Related Work & Insights¶
- vs Importance Scoring/Pruning: Those methods identify "which parameters are important" for compression, but importance is often scattered or restricted to layers. UNITE extracts these structures as reusable units.
- vs Model Compression (Delta Decompression): Compression usually requires separate retraining for each scale. UNITE allows for the zero-cost creation of models at any depth (once-for-all) and matches compressed accuracy with ~1/4 the parameters on OBQA/PIQA.
- vs Learngene / Learnware: Shares the "reusable knowledge" paradigm but moves beyond block-level dense models to fine-grained, cross-layer reuse in modular MoE architectures.
- vs Knowledge Distillation / PEFT: While KD and PEFT focus on task adaptation, UNITE focuses on extracting structural knowledge units stable across architectures and tasks.
Rating¶
- Novelty: ⭐⭐⭐⭐⭐ First to push "MoE redundancy diagnosis" to "systematic universal knowledge reuse" using a perfect fit of Fisher and Tucker.

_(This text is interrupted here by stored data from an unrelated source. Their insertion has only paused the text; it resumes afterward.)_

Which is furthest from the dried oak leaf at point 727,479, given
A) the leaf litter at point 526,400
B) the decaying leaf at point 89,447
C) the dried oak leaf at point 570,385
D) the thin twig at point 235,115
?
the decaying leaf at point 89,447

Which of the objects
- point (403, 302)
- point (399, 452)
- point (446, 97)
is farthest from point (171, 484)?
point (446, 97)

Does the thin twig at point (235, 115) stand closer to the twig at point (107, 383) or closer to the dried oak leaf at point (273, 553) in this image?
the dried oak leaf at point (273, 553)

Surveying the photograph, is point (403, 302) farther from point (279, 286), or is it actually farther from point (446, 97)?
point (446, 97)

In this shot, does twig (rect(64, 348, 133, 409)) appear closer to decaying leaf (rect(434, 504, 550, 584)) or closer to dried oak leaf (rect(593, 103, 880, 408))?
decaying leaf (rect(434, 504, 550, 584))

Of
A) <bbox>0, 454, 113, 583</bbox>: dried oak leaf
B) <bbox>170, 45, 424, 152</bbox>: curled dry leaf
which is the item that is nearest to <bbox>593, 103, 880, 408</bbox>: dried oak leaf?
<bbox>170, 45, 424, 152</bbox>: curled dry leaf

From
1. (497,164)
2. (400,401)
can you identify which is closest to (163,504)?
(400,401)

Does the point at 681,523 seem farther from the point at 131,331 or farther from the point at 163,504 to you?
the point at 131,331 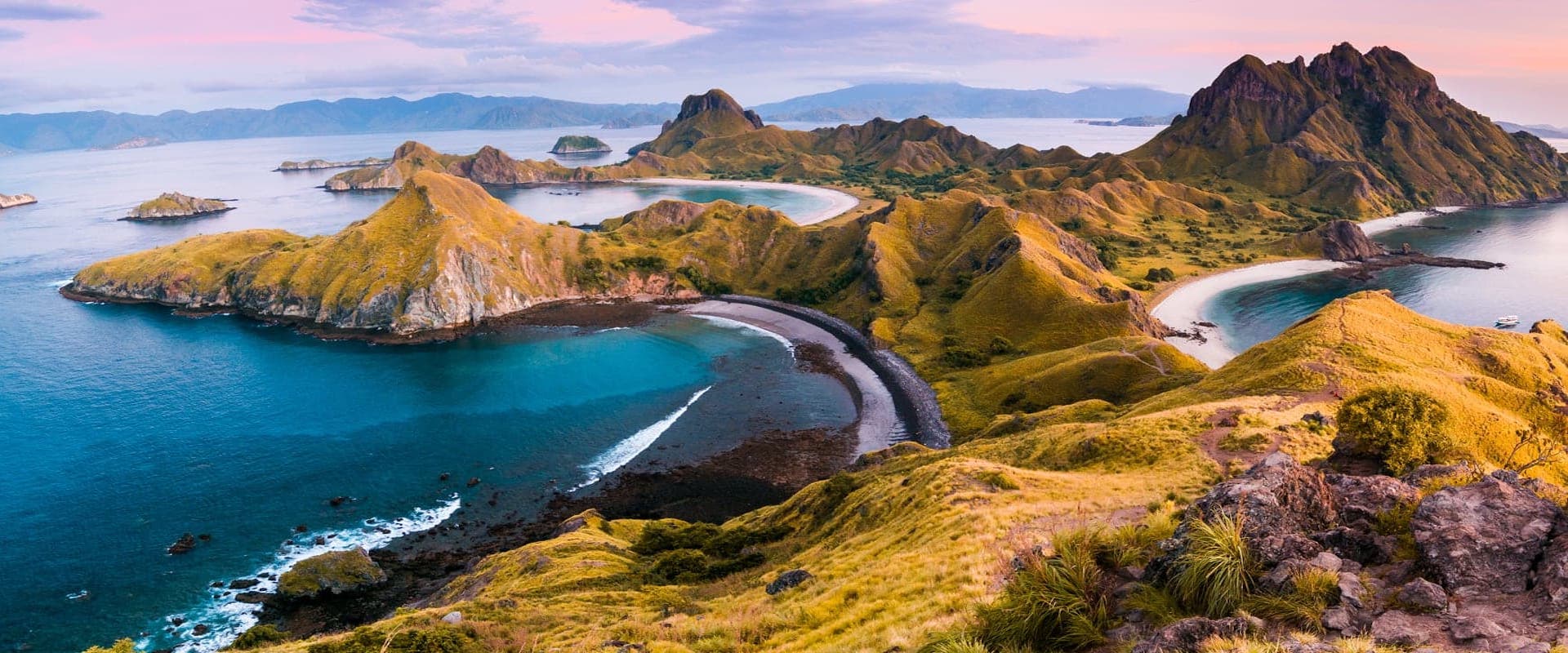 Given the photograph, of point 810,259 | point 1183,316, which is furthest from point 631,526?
point 1183,316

- Experimental Thoroughness: ⭐⭐⭐⭐ Three source models × 7 benchmarks × three criteria, with complete ablations; however, absolute accuracy is low and comparisons to stronger baselines are missing.
- Writing Quality: ⭐⭐⭐⭐ Clear motivation with the human learning analogy; well-explained formulas and workflows.
- Value: ⭐⭐⭐⭐ Provides a principled and scalable path for reusing MoE knowledge to build lightweight models; once-for-all property is practical.